Lift out, unaltered, the lines of the material below between the line holding "Скандальний Моргенштерн хоче" and the line holding "2025 Chevrolet Blazer EV Base", counting both.

(Task input)

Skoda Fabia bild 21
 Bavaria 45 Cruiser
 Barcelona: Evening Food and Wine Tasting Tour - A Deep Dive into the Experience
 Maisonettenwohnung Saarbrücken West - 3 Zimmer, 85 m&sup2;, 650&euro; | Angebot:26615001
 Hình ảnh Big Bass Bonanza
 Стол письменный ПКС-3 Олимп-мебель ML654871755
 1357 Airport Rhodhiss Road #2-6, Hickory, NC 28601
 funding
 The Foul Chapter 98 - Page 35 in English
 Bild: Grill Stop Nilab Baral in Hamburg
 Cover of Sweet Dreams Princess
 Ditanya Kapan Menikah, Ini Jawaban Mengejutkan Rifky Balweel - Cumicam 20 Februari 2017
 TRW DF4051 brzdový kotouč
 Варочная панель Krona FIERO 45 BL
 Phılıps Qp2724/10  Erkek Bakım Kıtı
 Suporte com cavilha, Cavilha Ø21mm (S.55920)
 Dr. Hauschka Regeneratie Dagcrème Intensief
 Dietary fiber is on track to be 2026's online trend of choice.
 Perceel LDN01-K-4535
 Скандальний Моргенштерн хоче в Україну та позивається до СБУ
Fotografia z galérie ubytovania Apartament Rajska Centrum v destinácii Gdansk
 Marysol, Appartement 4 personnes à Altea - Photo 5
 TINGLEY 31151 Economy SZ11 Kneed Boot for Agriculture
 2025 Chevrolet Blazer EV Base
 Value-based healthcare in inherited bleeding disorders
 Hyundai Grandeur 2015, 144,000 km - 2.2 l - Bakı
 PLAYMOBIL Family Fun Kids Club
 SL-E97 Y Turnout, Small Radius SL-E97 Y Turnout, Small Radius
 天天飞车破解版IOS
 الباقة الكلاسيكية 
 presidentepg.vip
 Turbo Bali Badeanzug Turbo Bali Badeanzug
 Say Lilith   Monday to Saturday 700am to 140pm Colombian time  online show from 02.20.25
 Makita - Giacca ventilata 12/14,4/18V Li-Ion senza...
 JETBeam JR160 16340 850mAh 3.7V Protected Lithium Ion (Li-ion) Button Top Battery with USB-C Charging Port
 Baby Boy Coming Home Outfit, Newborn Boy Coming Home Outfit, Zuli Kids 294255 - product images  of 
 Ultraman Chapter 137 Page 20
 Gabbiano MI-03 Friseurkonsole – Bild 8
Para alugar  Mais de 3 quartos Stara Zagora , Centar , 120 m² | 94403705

(End Task input)

- _Solved exercise_
 Скандальний Моргенштерн хоче в Україну та позивається до СБУ
Fotografia z galérie ubytovania Apartament Rajska Centrum v destinácii Gdansk
 Marysol, Appartement 4 personnes à Altea - Photo 5
 TINGLEY 31151 Economy SZ11 Kneed Boot for Agriculture
 2025 Chevrolet Blazer EV Base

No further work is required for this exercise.